DWH Optimization with Dataform
98.5% cost reduction and 8x faster update speed on a legacy Data Warehouse.
Context
This project covers the complete restructuring of a BigQuery Data Warehouse, migrating a legacy and costly dbt pipeline to a native and efficient solution with Google Dataform.
The Problem
The previous architecture, based on dbt and Airflow, was unsustainable, with high and unnecessary processing costs.
Many tables were no longer in use but still consumed resources.
The 40-minute update time for the entire DWH impacted business agility.
The Solution & My Contribution
- I led the project to redesign the Data Warehouse from scratch.
- I implemented the Medallion Architecture (Bronze, Silver, Gold) to ensure data governance and quality.
- I used JavaScript within Dataform to modularize and reuse complex business rules.
- I ensured a secure and validated migration with no data loss.
Diagrama de alto nível da arquitetura da solução do DWH Optimization with Dataform
Results & Impact
- 8x reduction in DWH update time (from 40 to 5 minutes).

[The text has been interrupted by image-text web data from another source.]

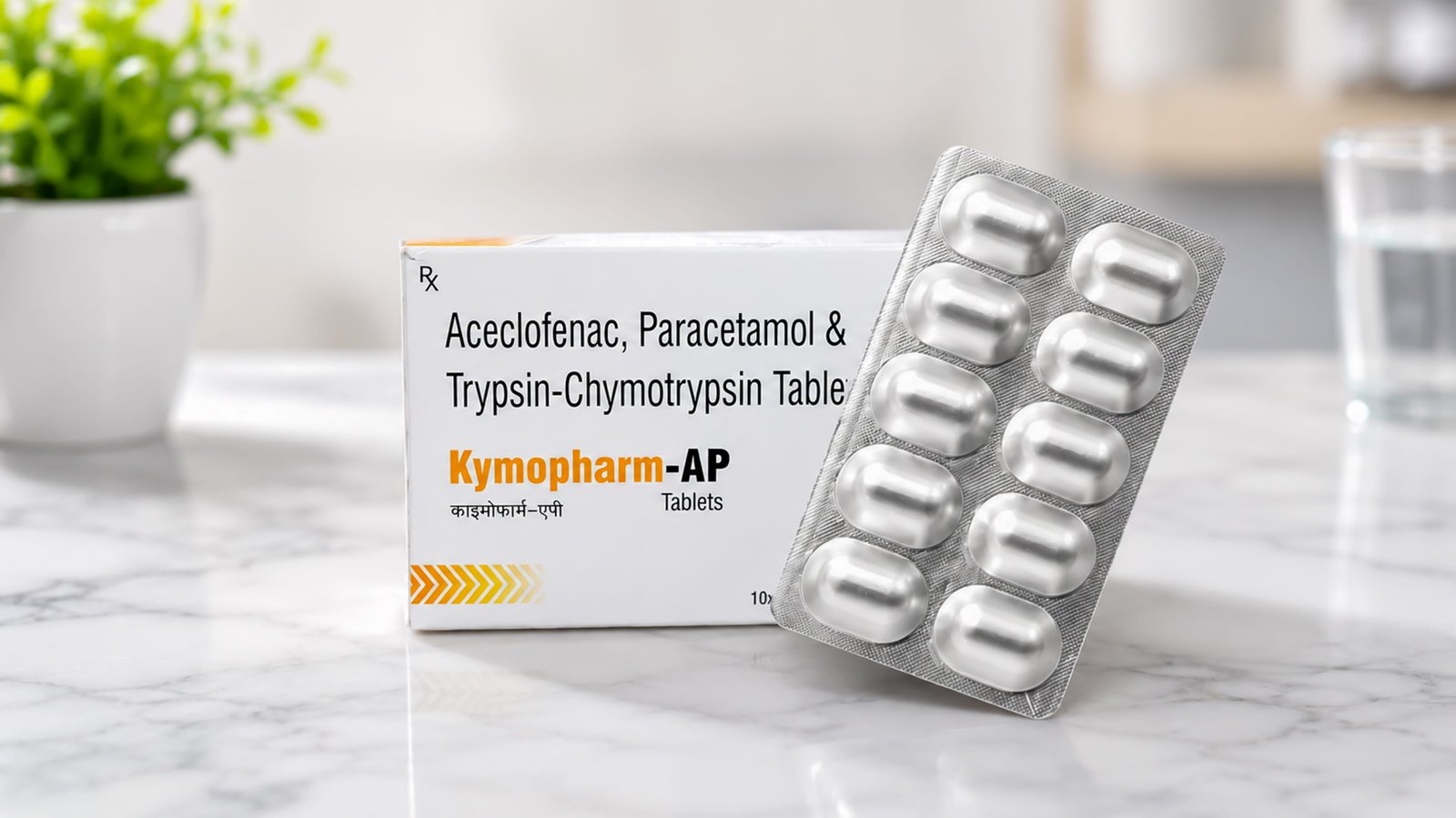 Kymopharm AP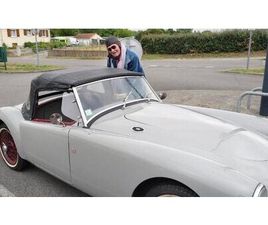 1959 MG MGA ROEDSTER A VENDRE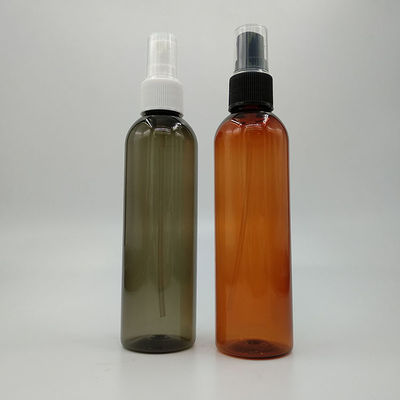 매끄러운 표면 PET 스프레이 병 매일 사용하기에 편리하고 내구성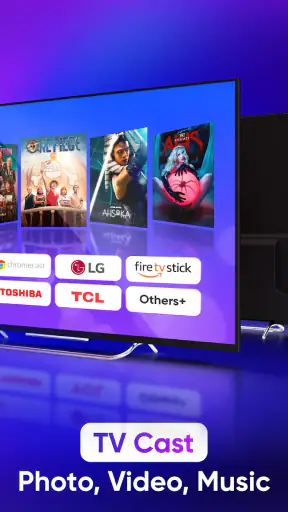 Screen Mirroring TV & Miracast screenshot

- Drastically reduced processing costs due to the elimination of obsolete tables and optimized processes.
- Significant improvement in data governance and maintainability.
Technologies Used
Technical Deep Dive (Illustrative Code)
Native Modeling in BigQuery
By adopting Dataform, we eliminated the dependency on Airflow to orchestrate dbt, leveraging BigQuery's native and free integration. This simplified the stack and drastically accelerated the update time from 40 to less than 5 minutes.
Modularization with JavaScript
Business rules that were repeated across multiple models were encapsulated in JavaScript functions, imported directly into the SQLX files. This increased maintainability and reduced code duplication.